Prólogo


La obra de F. Varone es valiente. Con un lenguaje siempre accesible y a menudo ornado de imágenes y hasta poético, trata un tema objetivamente dificil: nuestro conocimiento de Dios. Una larga práctica pastoral en la formación permanente le ha enseñado los múltiples escollos que estos temas ocultan. Y así, para dar claridad y sanear las desastrosas imágenes que con demasiada frecuencia se aplican a este conocimiento, ha avanzado una hipótesis de trabajo, a su parecer operativa: distinguir entre el Dios de la religión y el de la fe.

Sé que no faltará quien ponga objeciones contra esta hipótesis. Se recordará la utilización que de ella hizo K. Barth, su naturalización en la teología católica, especialmente por parte del P. Liégé, y las reservas que desde entonces se han levantado contra la oposición abstracta entre estas dos categorías.

Eso es cierto, pero estoy persuadido, por mi parte, de que, con idéntico vocabulario, nos hallamos ante problemáticas diferentes. En efecto, F. Varone no impone a la realidad pastoral o a la existencia cristiana unas categorías definidas a priori. Este es, sin duda, el motivo de que su hipótesis me parezca operativa: ha nacido de una práctica pastoral sobre la que ha reflexionado y de una investigación rigurosa de las imágenes y de los reflejos cuasi-espontáneos que obstaculizan el acercamiento a Dios.

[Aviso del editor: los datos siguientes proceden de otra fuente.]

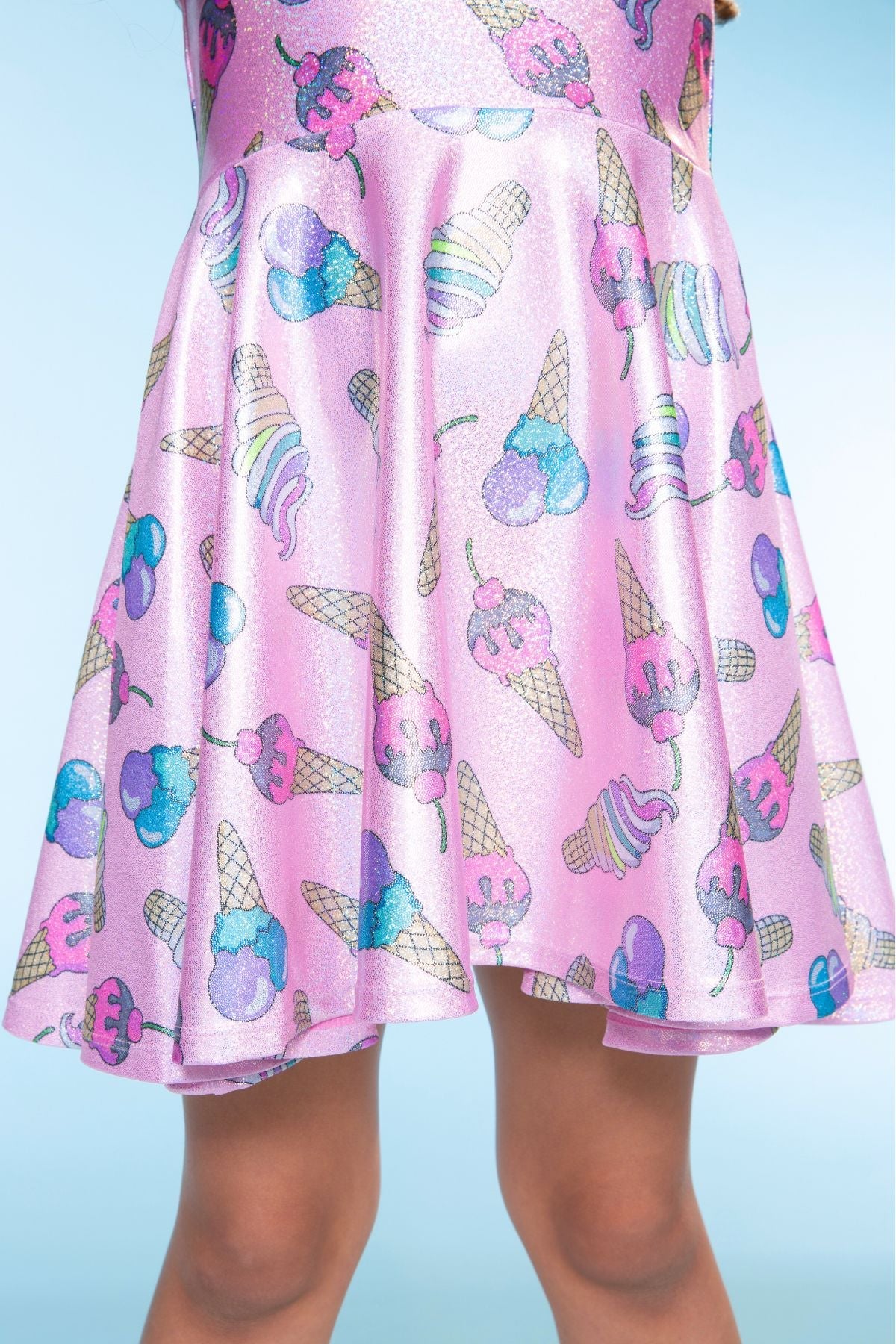 High Shine Super Twirl Dress - Rainbow Gummy Bear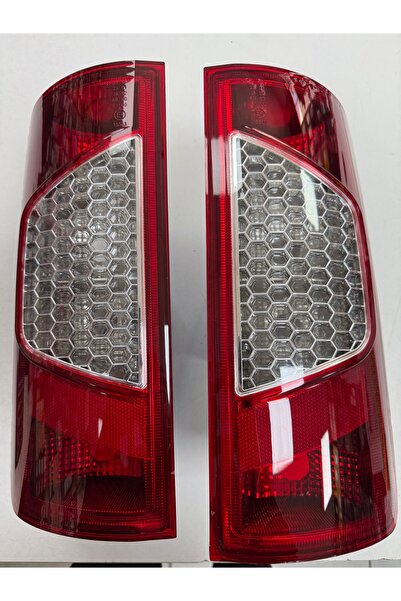 İthal Ford Connect Arka Stop Lambası Sağ-Sol Takım 200-2013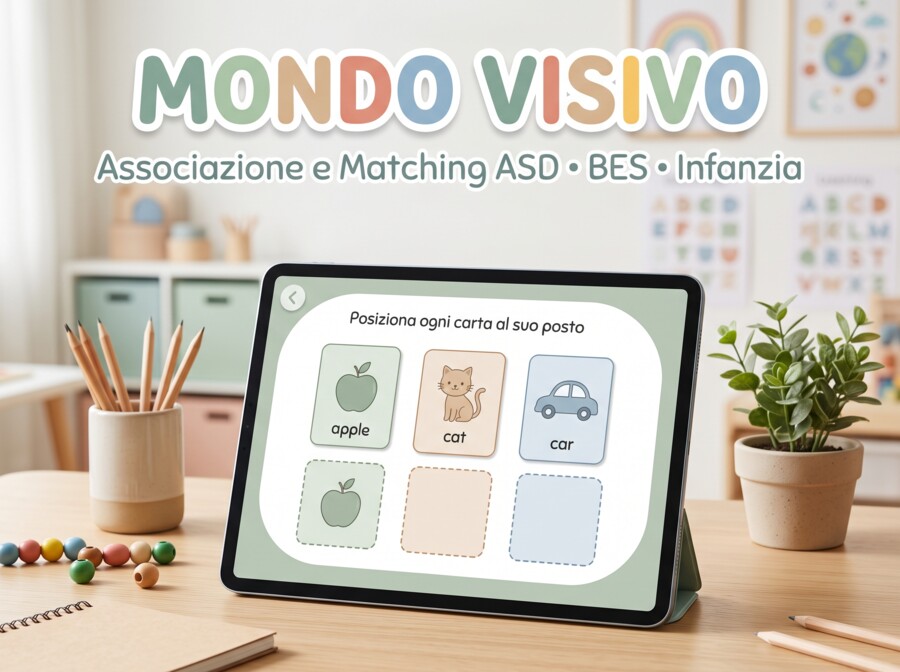 Mondo Visivo - Associazione e Matching ASD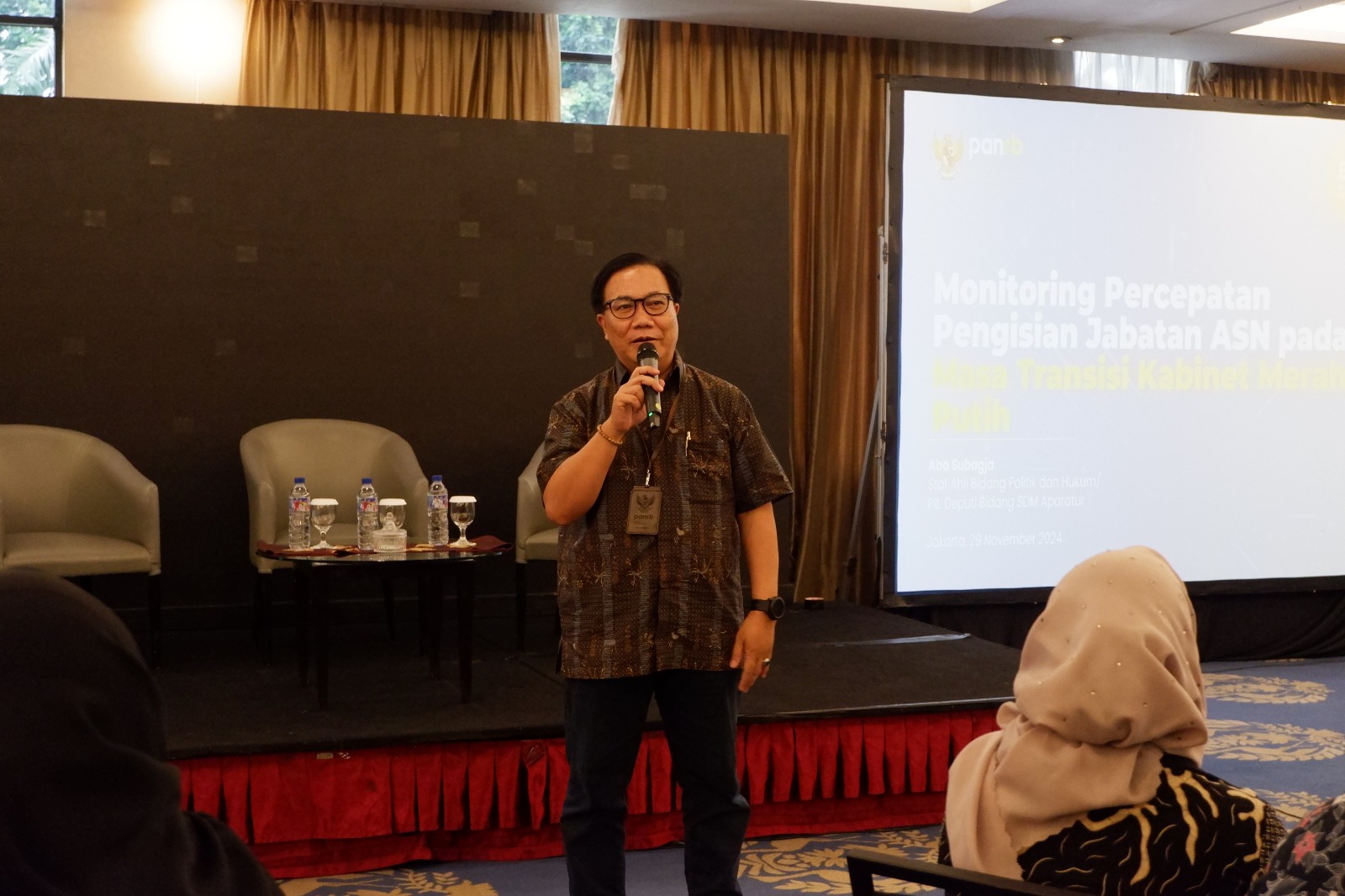 20241129 Monitoring Percepatan Pengisian Jabatan ASN pada Masa Transisi Kabinet Merah Putih 5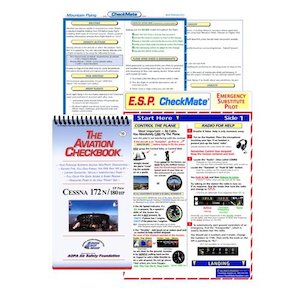 Cessna 340A Compact Size CheckMate Checklist (340A)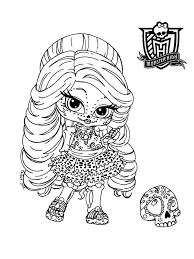Check spelling or type a new query. Baby Cute Monster High Coloring Pages Novocom Top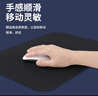 鐳拓（Rantopad）G1 硬質(zhì)皮革游戲防水鼠標(biāo)墊 商務(wù)辦公電腦鼠標(biāo)墊 桌面墊 黑色 曬單實(shí)拍圖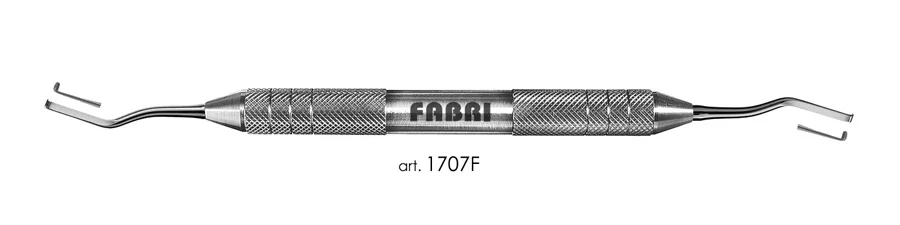 Мотыга 1707F, ручка d 10 мм, Fabri - для удаления зубного камня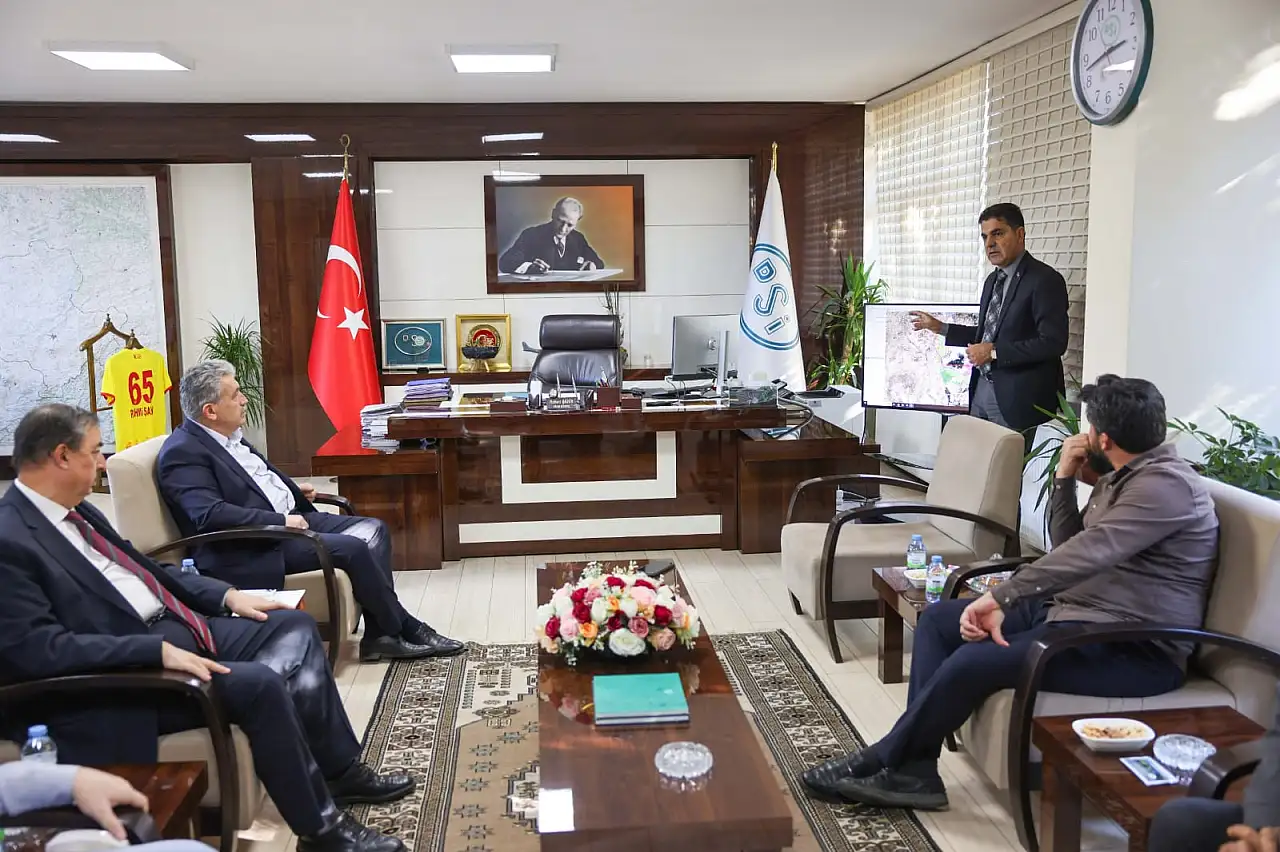 Yeşilhisar için kritik zirve DSİ'de gerçekleşti!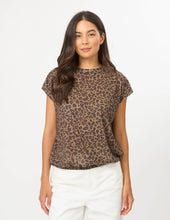 Load image into Gallery viewer, Dana Top Leopard Stella & Gemma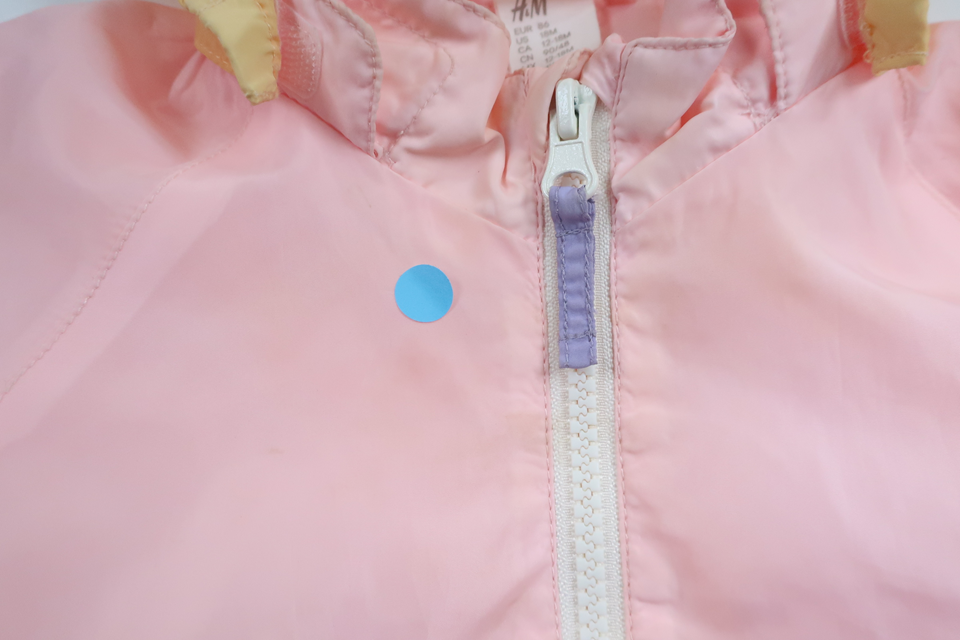 Windjacke von H&MM - Größe 86 - Mehrfarbig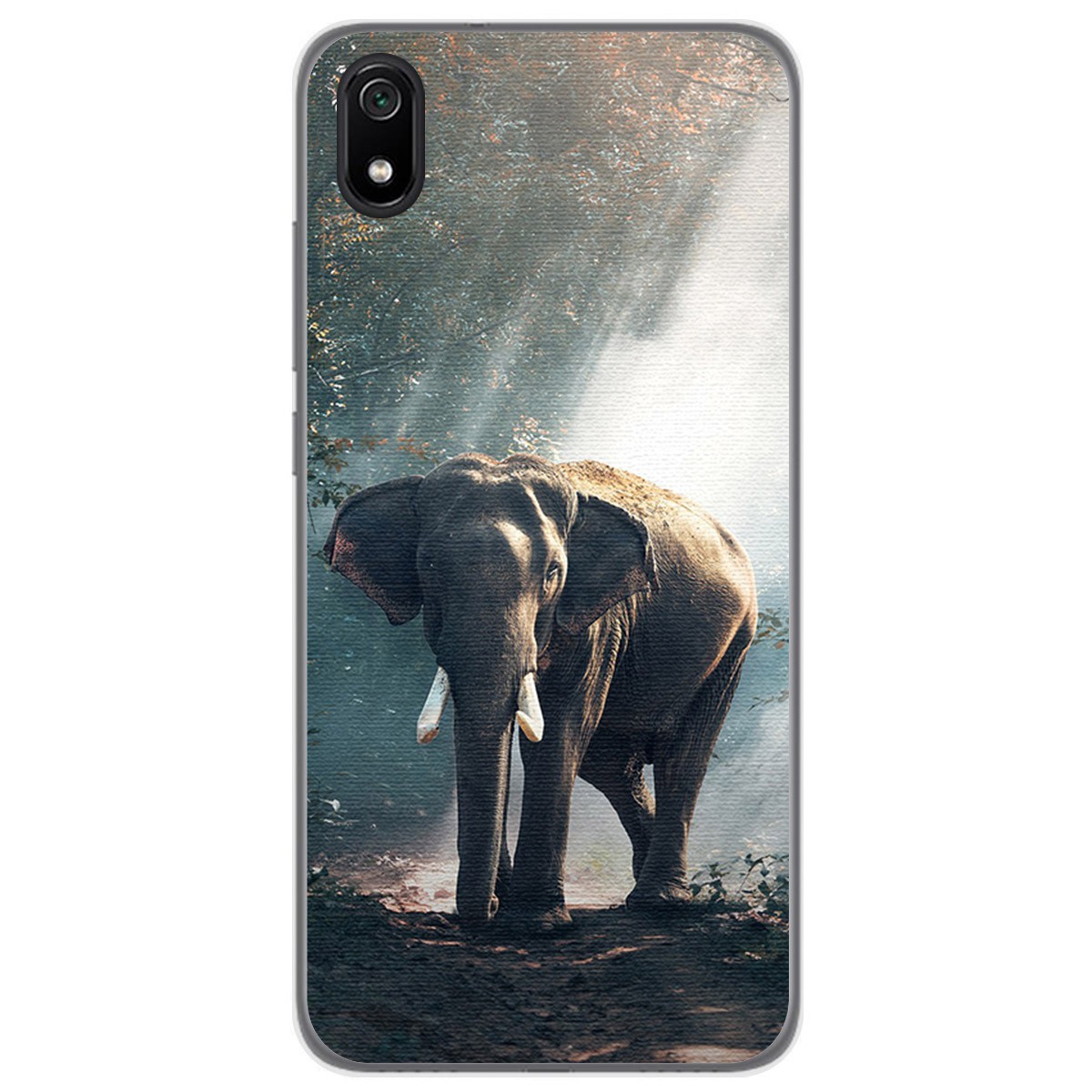 Funda Gel Tpu para Xiaomi Redmi 7A diseño Elefante Dibujos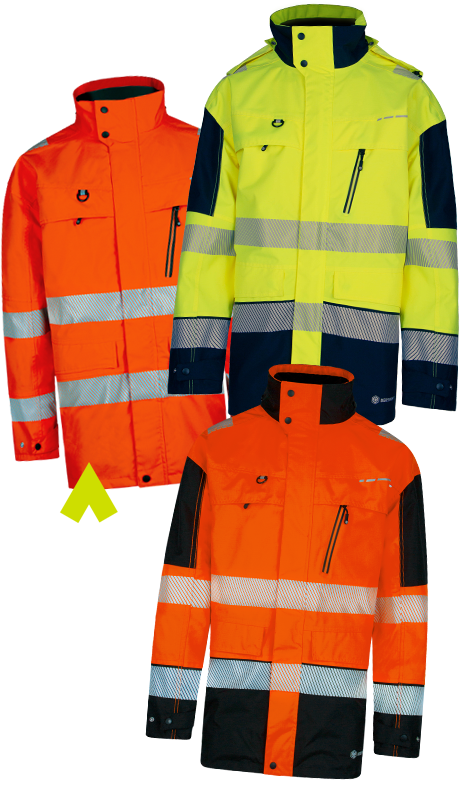 Deltic Workwear Jacket Images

La religión alude, según F. Varone, a todo lo que no entra en el campo delimitado por la acción de Jesús para con quienes, en la apreciación humana, se ven privados de toda esperanza y muchas veces de toda dignidad. La selección de las actitudes, los gestos, las creencias y las convicciones proviene, pues, de un análisis de los ejes fundamentales del Nuevo Testamento, siempre referidos a lo que los Evangelios nos cuentan de las actitudes de Jesús. Lo que no tiene cabida en este campo pasa al activo de la religión. Esta, por tanto, no queda en modo alguno definida a priori, aun cuando el autor establezca, justificadamente, correlaciones antre ambas nociones —«religión y fe»— en situaciones independientes de toda referencia concreta a la Escritura. No resulta abusivo que una noción inducida a partir del Nuevo Testamento pueda pasar a ser un principio de coherencia para toda la existencia cristiana.

La parte más importante de la obra ilustra esta ambición. El autor no teme adoptar posturas audaces, aunque siempre con muchas matizaciones, en problemas mil veces estudiados, como la relación entre la libertad humana y la de Dios. Admiro la facilidad con que hace intervenir en las más arduas cuestiones los principios surgidos del Nuevo Testamento, principios tan fundamentalmente liberadores.

Por mi parte, sin embargo, dudaría en suscribir determinadas afirmaciones acerca de la religión de Dios con el futuro, en orden a salvaguardar la autonomía humana. Yo sería más reservado en los puntos que se refieren a la condición del Absoluto. Resulta osado hablar de él como si uno estuviera situado en su punto de vista; nosotros no sabemos de Dios más que lo que él nos comunica. El autor lo sabe, y por eso combate a nuestras alocadas imaginaciones, que imponen a Dios nuestras neurosis y favorecen a los poderes que buscan otros intereses distintos del de la gozosa libertad de los hombres.

De la hipótesis de nuestro autor se desprende, pues, un «no sé qué» de sano que haría amar al cristianismo con entusiasmo si tantos falsos semblantes, tanta fatiga y tantas mezquindades no lo desfigurasen cada día ante nuestros ojos. Por eso este libro puede, por su seriedad y por la pasión que le anima, despertar a otras evidencias distintas de las evidencias comunes que nos ocultan el rostro del Dios de Jesucristo.